THE real estate bubble has burst for Veronica Hearst – widow of Randolph Hearst and stepmother of 1970s kidnap victim Patty Hearst – whose 52-room mansion in Florida has been a victim of foreclosure.

The Villa Venezia in Manalapan, just south of Palm Beach, is scheduled to be auctioned off on the courthouse steps on Feb. 25 to pay the $45 million Hearst owes to New Stream Secured Capital, which holds three mortgages on the property.

The Dutch-born socialite insists she has plenty of money, and claims her current problems were caused by “a conflict of interest” which she is about to resolve by refinancing.
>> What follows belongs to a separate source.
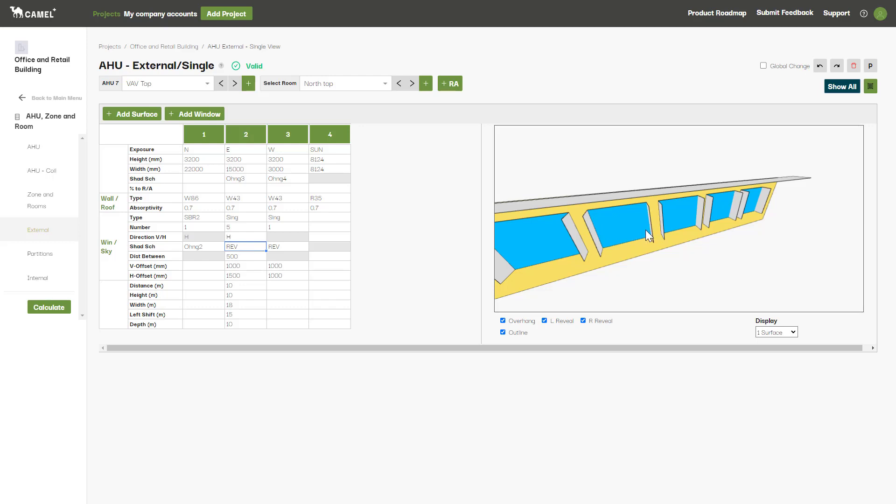The other input we skipped over is percentage to return F. Here you can specify a percentage of the total surface load, including any window loads, to be treated as a return duct gain. You may choose to use this if, for example, part of the wall is above room ceiling, and you're using the ceiling void as a return air plet. This is up to your engineering judgement.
But according to court papers, the widow has also mortgaged some of her art and pays $290,000 a year in interest on those loans.

“When Randy died in 2000, he made sure she was debt-free except for the house. He had to take out several bridge loans while he was alive to pay for her spending,” said a source close to the family.

“They almost feel bad for her – but she was just so nasty. The family hates her because she kept his kids from seeing him before he died,” said the source. “The day Randy died, the Hearst estate fired all of her Manalapan staffers and gave her 48 hours to get her stuff out of his Windmere estate.”

Last year, expenses on the 28,000-square-foot Manalapan mansion, designed in 1930 for the great-grandson of railroad baron Cornelius Vanderbilt, included $375,000 in property taxes, a $205,000 insurance premium and $44,000 in utility bills.

According to her 139-page deposition taken in October, Hearst also owes Corcoran real estate broker Geoffrey Thomas $17,000 he spent marketing the house before the sale offering was yanked.

While Hearst was trying to sell the property for $40 million, $10 million more than she paid for it in 2000, a neighbor offered her $20 million after hearing Corcoran was trying to unload it for even less.

“How do you know that?” asked New Stream lawyer Alan Grunspan. “The whole town knows,” Hearst replied. “The whole peninsula knows. People call me.”